Cal Harrison knows this because he’s learned it the hard way, living on the streets, sleeping under bridges, begging for food and loose change, trying to find day-work that will at least give him enough coin for a meal at McDonalds. To say that Cal is at the lowest ebb of his life doesn’t go far enough to describe where he is at the moment he ducks into a neighborhood bar during a torrential downpour, hoping for nothing more than a few minutes to try and warm up before he’s forced to leave.
Matt Kirkland is a man who is about as far on the opposite spectrum of Cal’s brand of luck as a man can be, having just landed a deal that transformed him from just another unknown member of the masses who’d happened to create a social website into an internet mogul, not to mention a very wealthy man, nearly overnight. Matt is one of those men whose star is rising but whose head and feet are still planted very much on the ground, and when he happens to be in the bar the day that Cal wanders in, it’s a moment that will change both of their lives in significant ways.
Matt sees something in Cal that can only be explained by way of miracles. The man is cold, wet, hungry, grimy, bordering on skeletal, and just about as odorous as a man can be, yet when Matt sees him all he wants is to know Cal better, to buy him a meal and a hot cup of coffee and show Cal that the world can be a little less cruel, if only Cal will accept Matt’s offer of help. The only problem is that in Cal’s experience, charity never comes without a price, and that’s a price he’s not willing to pay. He’s survived this long without having to sell himself for a warm shower and a few bucks. He’s not about to start doing it now, regardless of how attractive the idea might be.
Ellen Holiday’s Small Miracles is a warm and uplifting story about a man who wants to give and a man who is unwilling—and let’s face it, terrified—to grab hold of what’s being offered. Nothing comes without a price in Cal’s vast experience, not even miracles, and he’s a firm believer in the fact that Fate and the kindness that has been done to him isn’t something he can pin his hopes on without it being torn away from him just as he’s learned to depend upon it.

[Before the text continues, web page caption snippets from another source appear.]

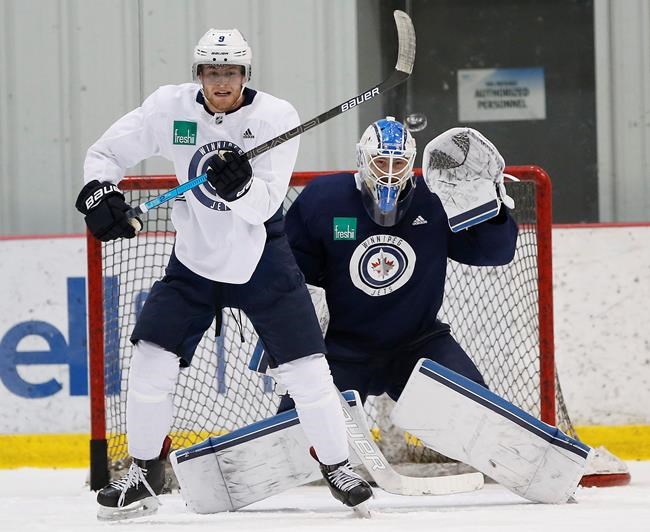 Winnipeg Jets' Andrew Copp (9) tries to tip pucks past goaltender Eric Comrie (1) during practice in Winnipeg, Monday, April 8, 2019. Goalie Eric Comrie and the Winnipeg Jets agreed to a two-year deal on Saturday with an average annual value of $700,000 in the NHL. THE CANADIAN PRESS/John Woods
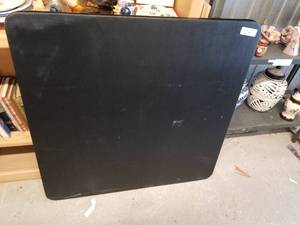 lot 24 image: Black fold up card table with one chair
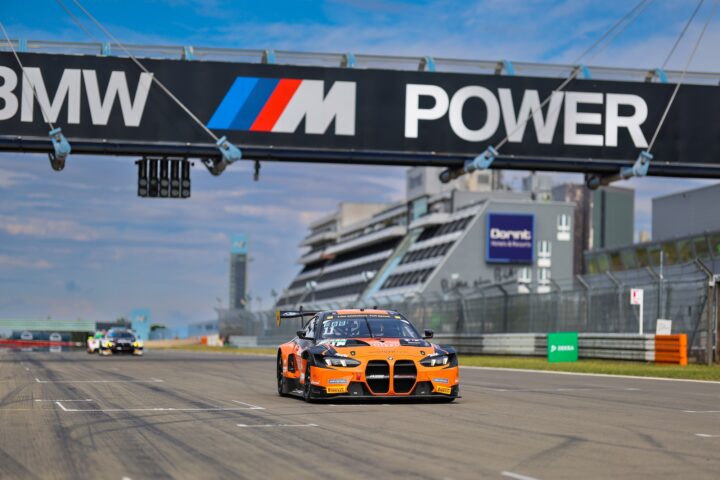 Ein orangefarbener BMW M4 Rennwagen fährt auf einer Rennstrecke unter einem BMW M Power Schild.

This is a story of a man who will go to any length to prove his sincerity, to prove that what he has to offer isn’t merely a bed for a night but is the gift of warmth and friendship and kindness and hopefully, in the end, something so much more.

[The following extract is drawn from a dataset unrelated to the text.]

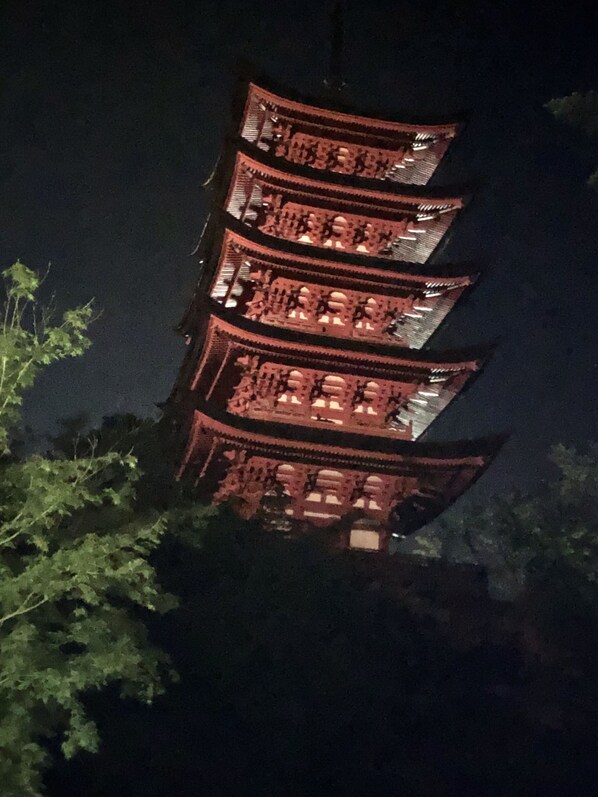 Un bâtiment à plusieurs étages, de style pagode, dont les niveaux supérieurs sont illuminés, et qui est entouré de verdure.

Having read and very much liked this author’s Inside the Beltway, I think it’s safe to say I’ve cottoned on to her storytelling style and the brand of romance she offers. I wanted very much for Matt to be able to touch that part of Cal that’d been taught that trust and hope leads to pain and disappointment, that life was nothing but a series of raw deals, and when it finally happened, on Cal’s terms, I found myself wishing that the story had lasted just a few pages more, to see where Cal and Matt went after The End.